THE PROBLEM:
Note each line in the data holding the string "Road" and report it.

Records from a dataset:

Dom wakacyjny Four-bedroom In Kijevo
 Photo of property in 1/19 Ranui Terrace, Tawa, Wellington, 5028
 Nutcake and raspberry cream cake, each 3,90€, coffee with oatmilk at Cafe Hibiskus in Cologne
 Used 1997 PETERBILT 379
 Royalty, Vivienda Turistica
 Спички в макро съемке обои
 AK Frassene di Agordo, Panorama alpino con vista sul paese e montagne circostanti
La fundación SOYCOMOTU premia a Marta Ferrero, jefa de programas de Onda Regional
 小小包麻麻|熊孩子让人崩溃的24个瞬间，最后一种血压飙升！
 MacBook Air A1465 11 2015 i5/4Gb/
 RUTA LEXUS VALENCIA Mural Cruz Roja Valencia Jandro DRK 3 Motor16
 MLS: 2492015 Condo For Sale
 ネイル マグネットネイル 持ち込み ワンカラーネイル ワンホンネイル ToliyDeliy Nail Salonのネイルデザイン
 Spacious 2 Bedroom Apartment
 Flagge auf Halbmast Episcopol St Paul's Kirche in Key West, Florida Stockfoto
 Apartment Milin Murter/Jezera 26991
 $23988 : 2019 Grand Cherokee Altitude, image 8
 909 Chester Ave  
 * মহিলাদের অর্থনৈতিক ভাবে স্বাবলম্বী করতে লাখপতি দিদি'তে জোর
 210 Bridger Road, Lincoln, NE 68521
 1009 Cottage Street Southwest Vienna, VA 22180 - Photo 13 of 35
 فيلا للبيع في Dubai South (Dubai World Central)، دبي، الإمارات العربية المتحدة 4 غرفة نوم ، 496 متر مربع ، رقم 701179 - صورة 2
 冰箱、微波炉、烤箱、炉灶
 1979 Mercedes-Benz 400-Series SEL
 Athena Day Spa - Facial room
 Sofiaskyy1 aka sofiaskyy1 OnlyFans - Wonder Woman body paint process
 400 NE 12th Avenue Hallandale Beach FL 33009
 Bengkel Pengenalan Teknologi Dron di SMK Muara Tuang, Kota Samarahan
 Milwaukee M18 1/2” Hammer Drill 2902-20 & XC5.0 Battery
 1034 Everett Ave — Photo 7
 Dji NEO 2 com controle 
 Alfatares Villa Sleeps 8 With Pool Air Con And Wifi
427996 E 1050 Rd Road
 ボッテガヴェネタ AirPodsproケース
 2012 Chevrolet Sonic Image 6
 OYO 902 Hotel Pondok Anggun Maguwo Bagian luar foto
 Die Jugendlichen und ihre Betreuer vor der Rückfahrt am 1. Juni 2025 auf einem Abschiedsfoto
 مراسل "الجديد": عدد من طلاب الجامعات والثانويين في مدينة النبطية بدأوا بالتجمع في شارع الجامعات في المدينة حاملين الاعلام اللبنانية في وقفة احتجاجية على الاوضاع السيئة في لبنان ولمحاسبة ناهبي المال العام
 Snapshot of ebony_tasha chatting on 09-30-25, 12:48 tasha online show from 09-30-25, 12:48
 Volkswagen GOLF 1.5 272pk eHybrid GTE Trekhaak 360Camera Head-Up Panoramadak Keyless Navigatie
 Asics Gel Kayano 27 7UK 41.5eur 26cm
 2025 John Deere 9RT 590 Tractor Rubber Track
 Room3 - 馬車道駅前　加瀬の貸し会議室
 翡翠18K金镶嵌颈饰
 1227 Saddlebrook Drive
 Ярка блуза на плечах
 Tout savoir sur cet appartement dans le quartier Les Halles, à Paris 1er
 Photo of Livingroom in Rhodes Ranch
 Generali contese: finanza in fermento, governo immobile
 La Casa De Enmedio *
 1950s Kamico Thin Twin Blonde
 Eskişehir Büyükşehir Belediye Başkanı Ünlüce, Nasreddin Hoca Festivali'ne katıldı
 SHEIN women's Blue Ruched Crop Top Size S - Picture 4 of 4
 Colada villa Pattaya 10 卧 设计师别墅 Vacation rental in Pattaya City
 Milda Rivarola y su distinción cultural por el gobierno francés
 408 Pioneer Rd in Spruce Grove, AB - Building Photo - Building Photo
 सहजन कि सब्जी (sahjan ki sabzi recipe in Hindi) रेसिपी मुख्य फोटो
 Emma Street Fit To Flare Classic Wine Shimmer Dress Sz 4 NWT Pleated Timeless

EXERCISE ANSWER:
 210 Bridger Road, Lincoln, NE 68521
427996 E 1050 Rd Road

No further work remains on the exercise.